> **Data below**
· · ·

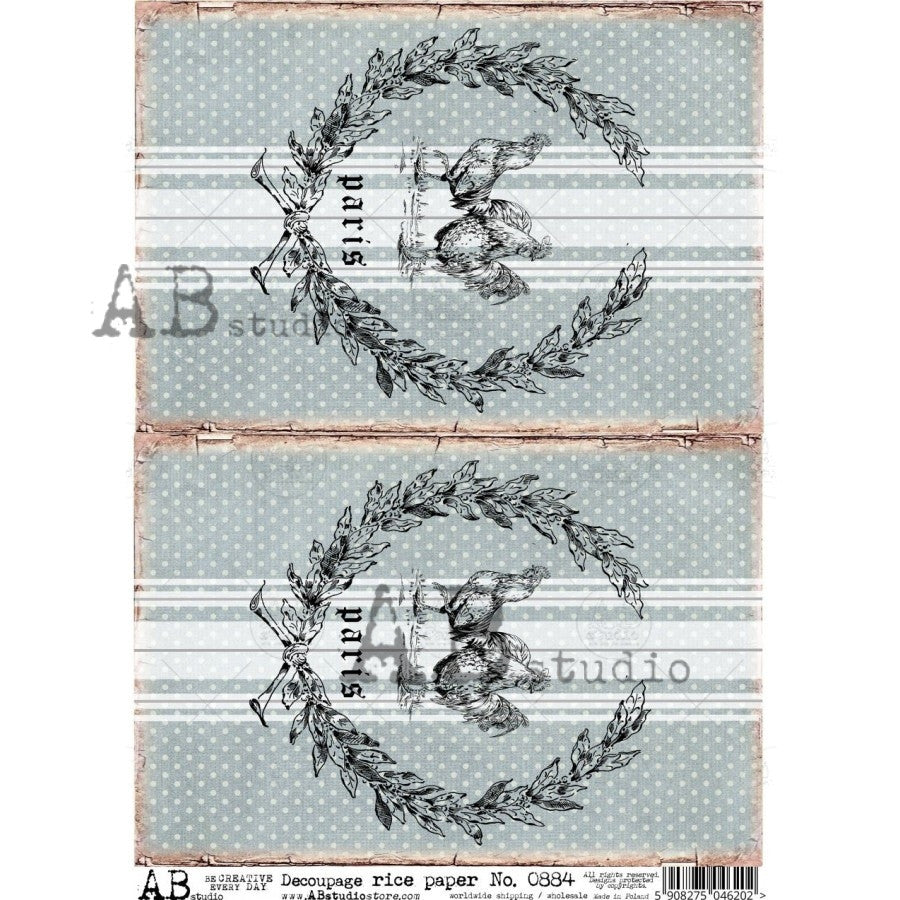 AB Studios Farmhouse Chickens Grain Sack Rice Paper A4 0884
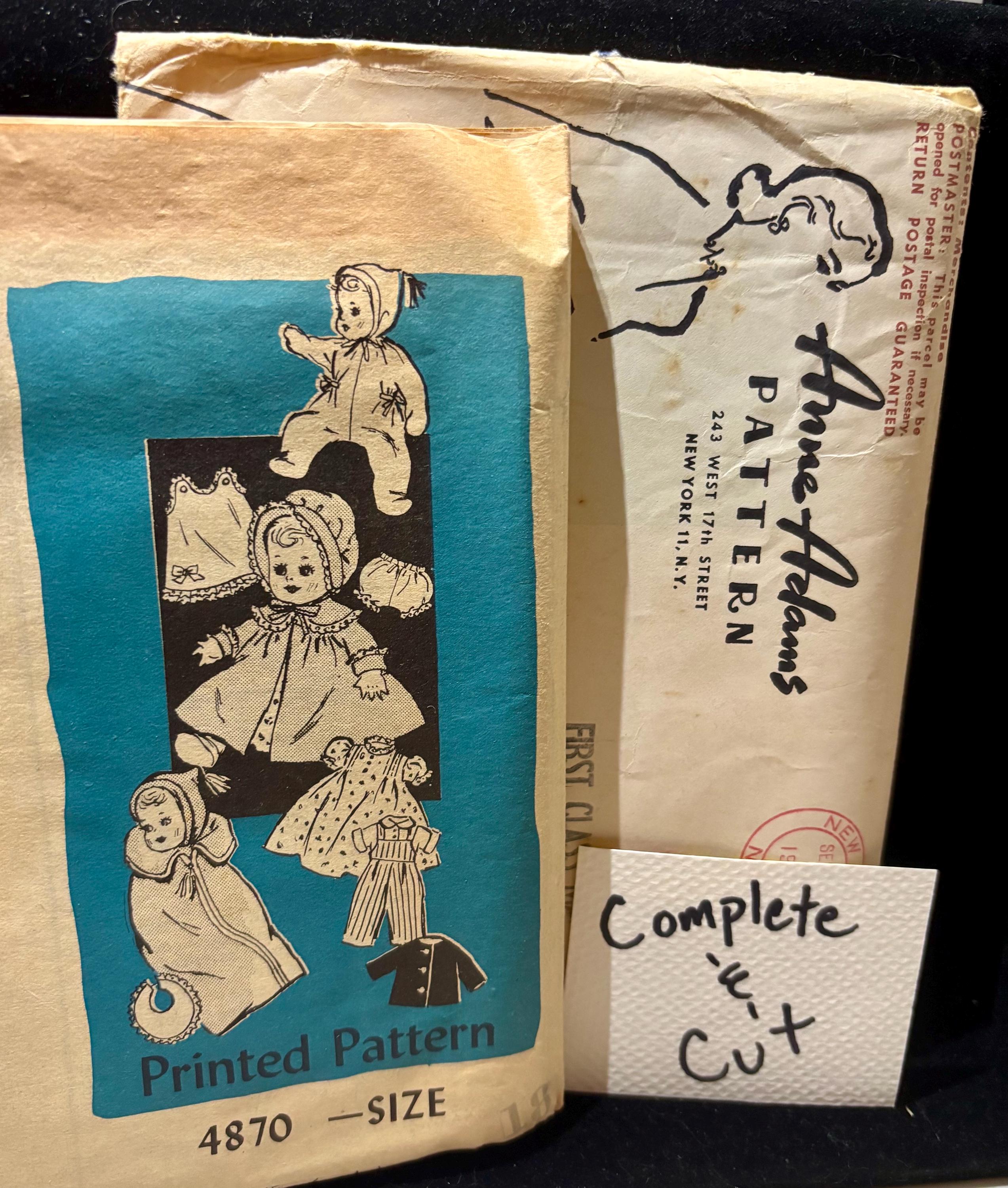 Vintage Anne Adams 4870 Infant Doll Wardrobe Pattern – Fits 10–20” Dolls – Petticoats, Bonnets, Buntings & More – Complete and Cut 1940s - Thumbnail 2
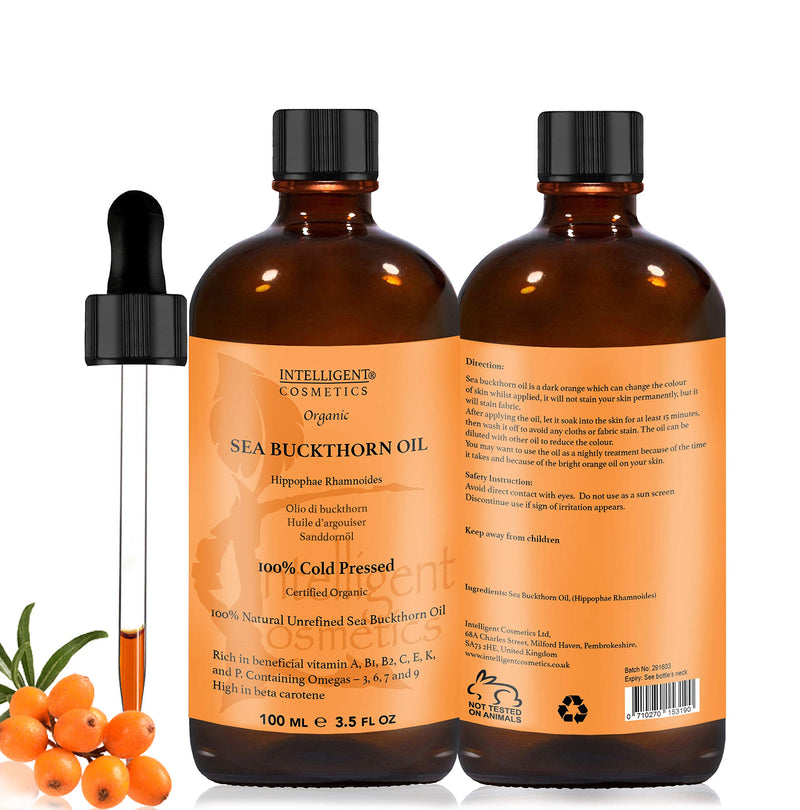 [Australia] - SEA BUCKTHORN OIL 100ML, 100% Cold Pressed Organic, Unrefined, Pure & Natural, Repairs Damaged Skin, Calms Irritated Skin, Heals Rosacea Supplied in Glass Amber Bottle with Pipette 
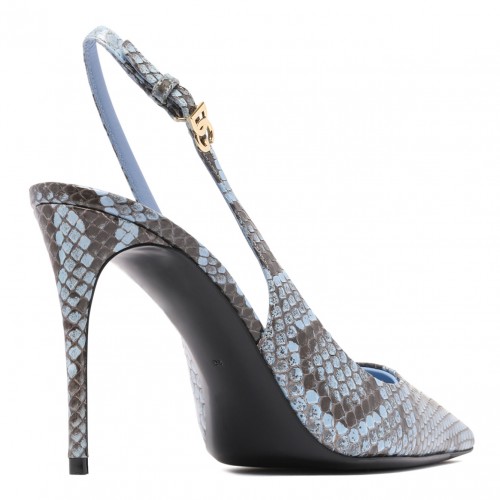 Light Blue Python Slingback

· · ·

> **Assignment**
Begin at the line containing "[Australia] - SEA" and stop at the last line of the data. Repeat only those lines, exactly, and leave out the pictures.

> **Exercise response**
 [Australia] - SEA BUCKTHORN OIL 100ML, 100% Cold Pressed Organic, Unrefined, Pure & Natural, Repairs Damaged Skin, Calms Irritated Skin, Heals Rosacea Supplied in Glass Amber Bottle with Pipette 
 Light Blue Python Slingback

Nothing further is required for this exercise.